Besides supplying the functionality required by the PORT/HP-UX product, there were two major design goals. The first was to avoid modification of the HP-UX core product, that is, the kernel, compilers, and linker, to support this model of shared libraries. The second was to avoid hard-coding the shared library text and data addresses. Hard-coding the addresses requires the user process to attach shared library code and data at predetermined addresses within their virtual address space, which is a wellknown problem with some other UNIX (*2) implementations of shared libraries.

Mapping the Shared Library

The design of the shared library began with the decision of where in the process's address space the shared library would reside. A shared library consists of two parts: the text (or code) and the data. Although there is only one copy of the text for all processes that attach to the shared library, each process must have its own private copy of the data. Therefore, the text and data must be handled separately.
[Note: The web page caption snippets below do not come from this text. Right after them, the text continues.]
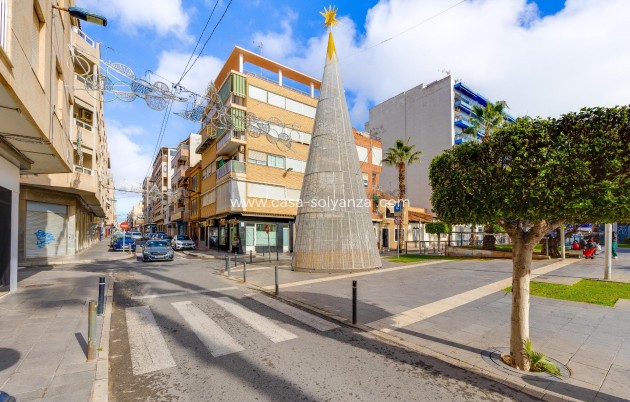 Resale - Apartment / flat - Torrevieja - Paseo Maritimo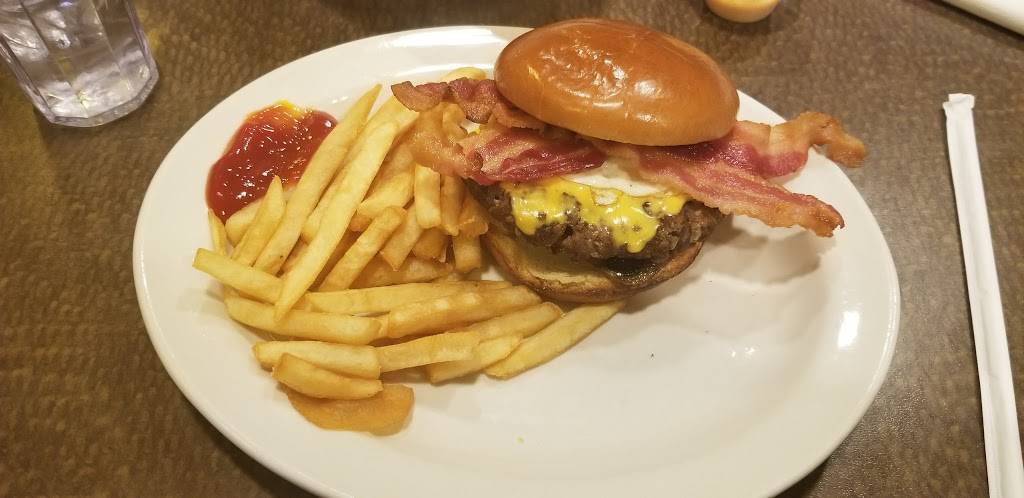 Eatn Park | restaurant | 2675 Oakland Ave, Indiana, PA 15701, USA | 7244652301 OR +1 724-465-2301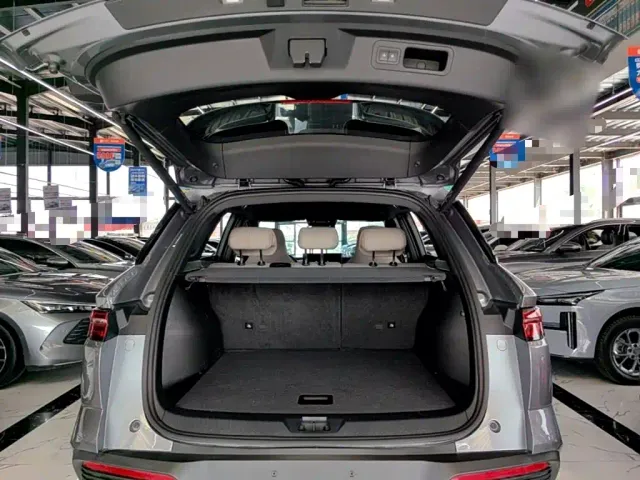 BYD Song Pro — Фото автомобиля 18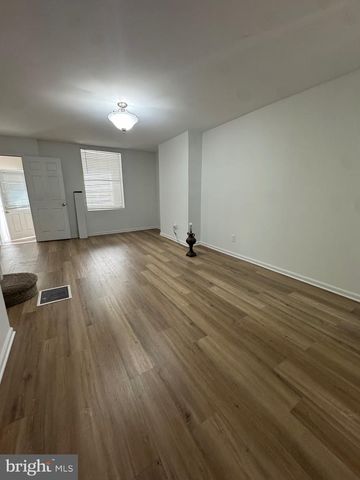 3029 N FRONT ST, Philadelphia, PA 19133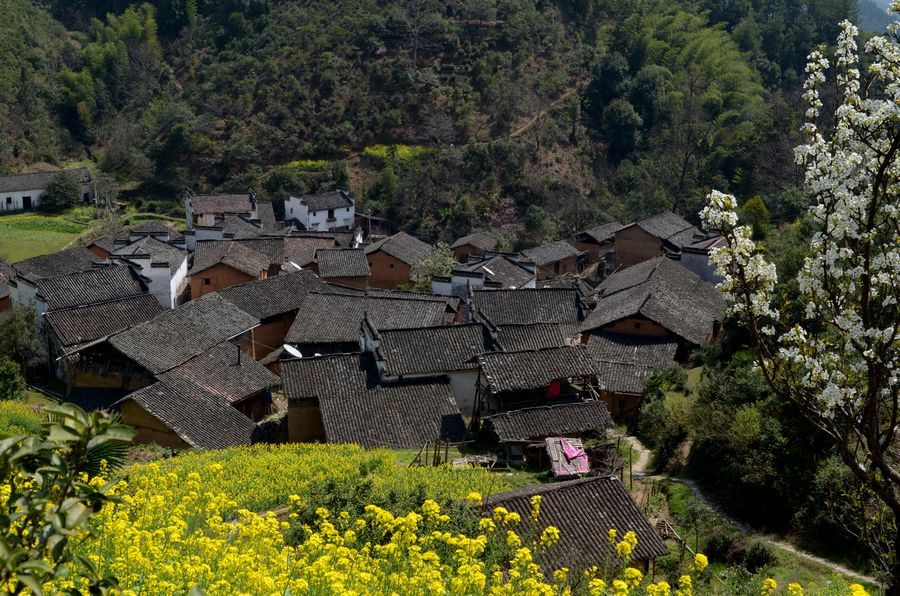 鄭公山村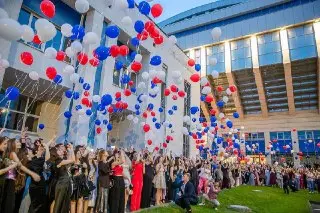 Мия Бойка зажгла на Бале медалистов для 761 выпускника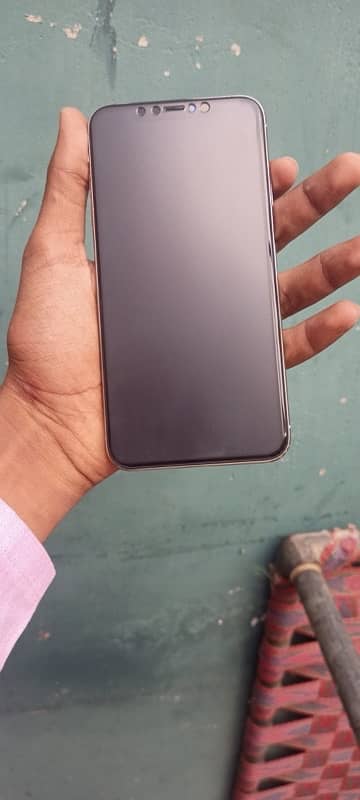 iphone xs max. contact no call & wtsp 03121424450. urgent sale. 2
Consider the HP-UX use of a process's address space on the HP 9000 Series 800 (Fig. 2). The addres space of process is divided into four areas. The first area is used for the text of the process. When there are multiple instances of the same program running, this text is shared across all instances, but the user process may not write to this area. The second quadrant is used for process private data, heap, and stack. The user process can write to this data area and it can be dynamically expanded to a system-imposed limit. The kernel stack resides in the third area. This is the stack information of the process while it is executing in the kernel and the process is not allowed to write on it. The fourth area is used for things that may need to be accessible to all processes on the system. Besides some miscellaneous kernel information, this area includes shared memory segments created by the user processes. The user can write to this area by creating and attaching a shared memory segment.

At first glance, it may seem that the first area, which contains sharable text, would be a good place to put the shared library text. This is not the case, for two reasons. First, the user cannot place text in this area of the user process space except through the exec system call, which completely overlays what is already there; thus, the shared library text would be there, but the user code would have disappeared. Second, for architectural reasons the area that contains the shared library must be the same for all processes; thus, the user would have to keep track of two areas with the same short address--the one containing user text and the one containing the shared library text. Besides being very complex, this would also degrade performance.

The only other area of the process's address space that a user shares with other processes is the fourth area. The user can set up a shared memory segment and any other process can attach to it as long as the proper key is provided. A shared library can be set up in a shared memory segment with a well-known key.

Unlike text, each process has its own private copy of shared library data. Since a single set of shared library instructions must be able to access data areas attached to multiple processes, some implementations have had to reserve specific portion of a process's virtual address space for shared library data areas, and the data of the shared library must be mapped to the same virtual address in each process that uses it. Additionally, that virtual address must be decided upon when the shared library is built.